Negotiations with the indigenous have borne fruits. On 14 October the authorities reached 218 partial agreements with indigenous organisations on different topics related to price controls, financial relief, economic development, human rights, and natural resources, among others. Regarding fuel subsidies, the government refused to implement in “full” the indigenous’ proposal to localise fuel subsidies, by not accepting to eliminate the subsidies to fishing and power generation companies without including them in the negotiations first. Nevertheless, policymakers committed to implementing a mechanism to exclude wealthy populations based on the criteria consented with the indigenous groups, which would reduce the subsidy bill by USD550mn according to the indigenous’ estimates. These savings should be used to fund social spending on intercultural education, rural areas, urban slums and fighting malnutrition, therefore it is unlikely to translate into a lower deficit. Despite the indigenous arguing that progress was limited regarding their demands, we think that negotiations have reduced political tensions. To cement a sustained reduction in social conflictivity, it will be key that the government moves fast in terms of implementing the agreed measures. As a matter of fact, the indigenous warned they could resume mobilisations if they do not see actual results. In this regard, both parties would build new “tracking groups” to monitor the implementation of the measures, which will likely serve as input for the indigenous groups to make a comprehensive assessment in the Native Communities Federation (CONAIE) annual meeting to be held in November. On another note, authorities are also engaging in negotiations with opposition lawmakers and social movements, which could further reduce political uncertainty. According to National Assembly President Virgilio Saquicela, lawmakers of all the political caucuses have reached a consensus on 104 of 118 articles of a new investment reform proposal that was sent to President Lasso. President Lasso stated this new draft of the investment bill resembles the one that had been rebuffed by lawmakers in March 2022. This being said, Lasso has not shown optimism that legislators are actually willing to pass the reform.

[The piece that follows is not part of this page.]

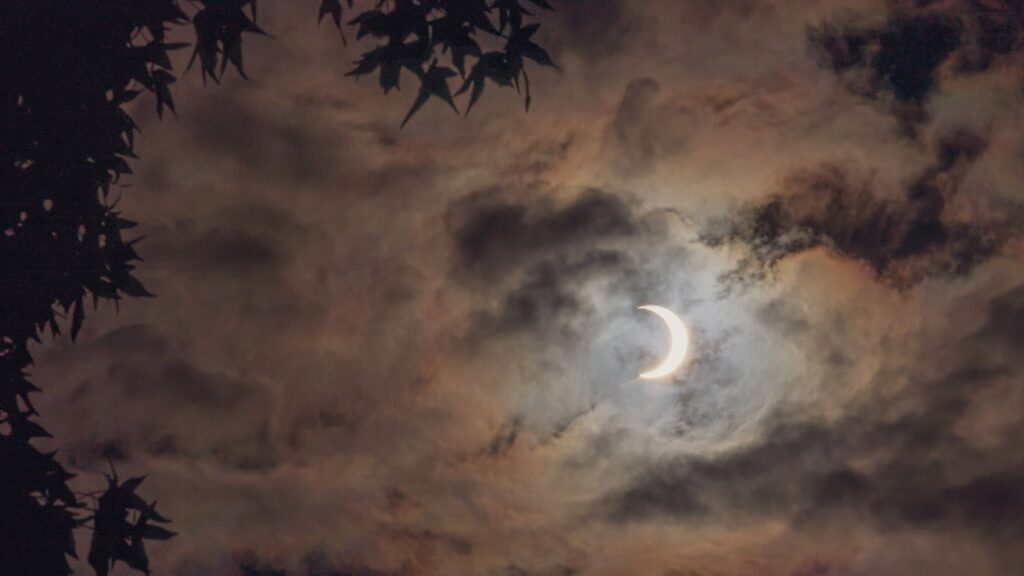 L'éclipse joue à cache-cache dans les nuages. // Source : Flickr/CC/Milan Bhatt (photo recadrée)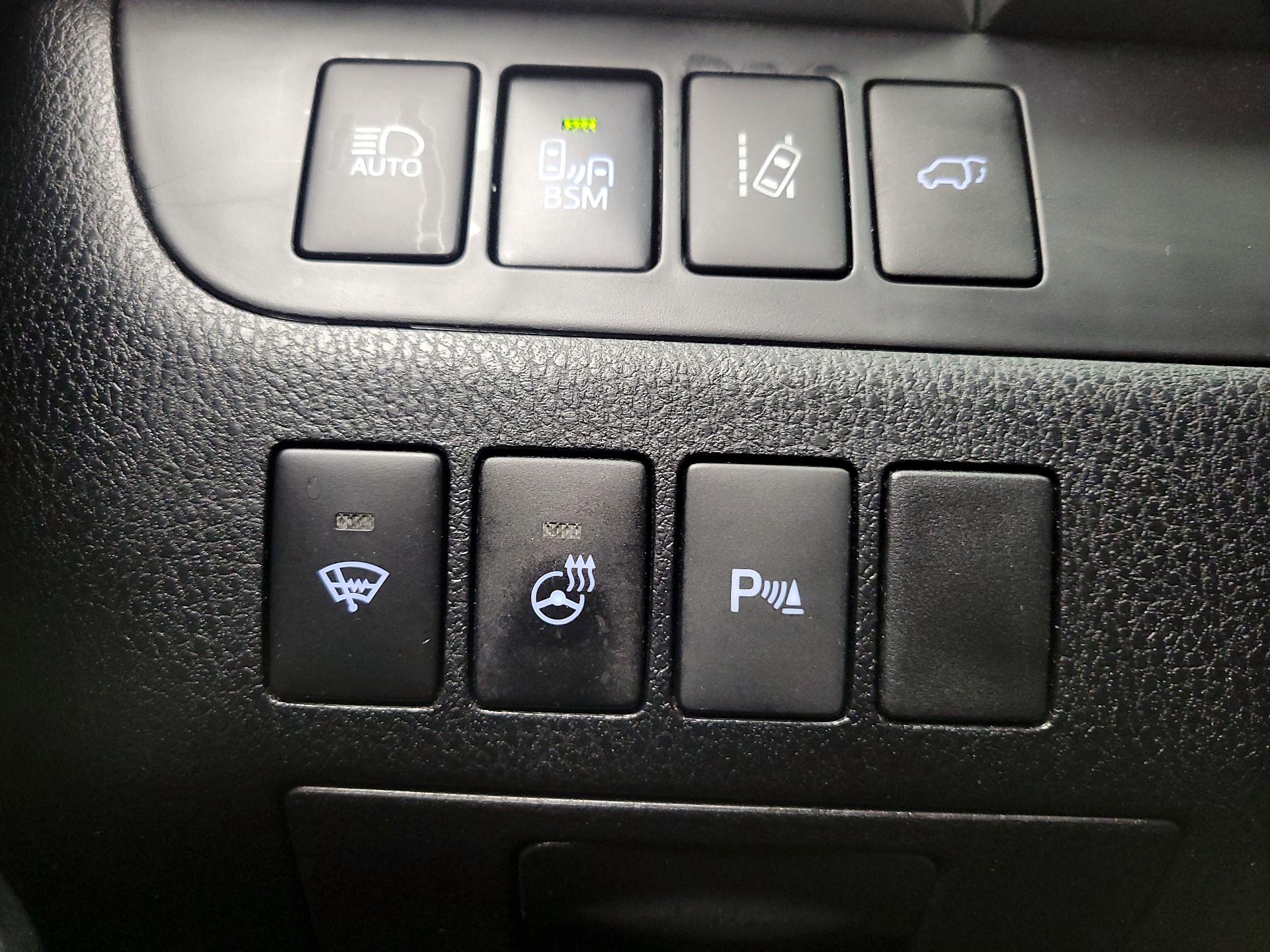 Thumbnail: 2015 Toyota Highlander - 13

Domestic fundamentals have improved but negative risk re-pricing could prevent spreads from narrowing. Current Ecuadoran spreads relative to EM surpass the levels before Guillermo Lasso was elected President on 11 April (see Chart 2). Back then, polls showed a tight race between Lasso and the correist candidate Andrés Arauz (see our Ecuador Economics & Strategy: Election preview: Tipping point, 07 April 2021). We believe that political risks back then were far more severe than those currently stemming from opposition lawmakers and indigenous movements. Furthermore, back then oil prices were significantly below current levels, making Ecuadorean bonds look oversold from a fundamental perspective. Therefore, Ecuadorean bonds would make a good overweight bid in a global risk-on scenario (see To the tune of global factors ) to materialise. But in a high-for-longer interest rates scenario (“stagflation”) the appetite for high beta credits such as Ecuador would be subject to a severe blow. In that case, recent and supportive domestic news might not suffice to compensate for increased risk aversion. Valuations seem enticing but risk is also high. We do not see a compelling risk-reward, particularly of long-dated notes, in an environment where the case for the “stagflation” scenario is building up.